When you hold something for ransom, you have taken it without someone knowing and then you offer a trade for the owner to get it back. It’s the same with data ransoms. Ransomware can be installed through vulnerability or through a phishing attack. Either way, software is installed on your computer without you knowing, and it encrypts your files so that you cannot view them. You must pay the attacker, and they will give you an electronic key to unlock your own files. The FBI recommends you don’t pay, but sometimes you may feel like you do not have a choice. Typically, having a backup copy of your files will let you restore them. But what if the ransomware knows that your back up your files and throw away the backup every 30 days? What if you go on vacation for a couple of weeks and end up not viewing your files for over a month? In these cases, you can’t get your data back, and the only recourse you have is to live without the data or pay the criminal. In this so-called industry, the year-over-year return on investment is in the double digits. Meaning that, if ransoming other people’s data were a private company, you might consider investing in it. Criminals have found that enough people will fall for a phish or click to ransomware to make it economically feasible. Do you have a policy regarding ransomware? Are your files backed up on a regular basis and do you have both local and offsite copies for the most important files? While there are many sophisticated backup software packages for enterprise data, there are some simple ones like Crashplan and Apple’s Time Machine that also work for personal computers.
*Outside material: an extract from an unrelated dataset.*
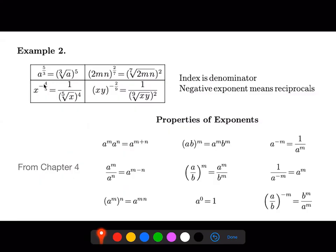If you have a negative exponent, first make it positive. You can rewrite this as one over x to the negative four fifths, so we can rewrite this first as one over x to the four fifths. Now I can rewrite this denominator as the fifth root of x to the fourth.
We’ve reviewed how criminals my influence your own employees to give up university data and here are some additional actions that should be in place to be as safe as possible.

• Your operating systems, applications, malware software, and virus software should be licensed and up to date to prevent vulnerabilities. When it comes to phishing, rewriting website addresses to keep people from accidently clicking to an insecure website is helpful. When your data is at rest, or when it is being transmitted through the internet, it should be encrypted, meaning that if someone got a copy of the encrypted data, it would be meaningless gibberish and not your actual data. 
• Your contracts with vendors should adhere to your standards and policies. Companies that store your data should be held accountable for keeping your data as if you were handling it yourself--or better than you would do.
• If there is an incident, you need to know how public affairs, the IT professionals, law enforcement, the president’s office, and other administrators will respond to an event. This is an area where a simulation or a tabletop exercise would be beneficial. 

A cybersecurity program is cyclical because it is an ongoing process. It starts with security awareness, meaning that you have made it a priority and you make a point to involve others and train them. Then, classify your data so that you know what types of data you have and how to protect it, followed by having systems, network, and physical security that adhere to your requirements. Ensure that you have the personnel to implement the program, and remember that cybersecurity is everyone’s responsibility, not just the IT professionals or security officers. Lastly, just like everything else, practice makes perfect, so keep training, and keep talking about cybersecurity in your institutions.